**WHAT THE TASK ASKS**
The expected output is the data below, restated word for word.

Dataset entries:
*** Block opens ***
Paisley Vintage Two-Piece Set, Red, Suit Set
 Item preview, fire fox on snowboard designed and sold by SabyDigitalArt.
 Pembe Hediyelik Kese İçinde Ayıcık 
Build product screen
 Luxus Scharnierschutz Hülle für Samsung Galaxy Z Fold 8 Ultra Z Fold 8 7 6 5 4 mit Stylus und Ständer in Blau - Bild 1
*** Block closes ***
**EXERCISE RESPONSE**
Paisley Vintage Two-Piece Set, Red, Suit Set
 Item preview, fire fox on snowboard designed and sold by SabyDigitalArt.
 Pembe Hediyelik Kese İçinde Ayıcık 
Build product screen
 Luxus Scharnierschutz Hülle für Samsung Galaxy Z Fold 8 Ultra Z Fold 8 7 6 5 4 mit Stylus und Ständer in Blau - Bild 1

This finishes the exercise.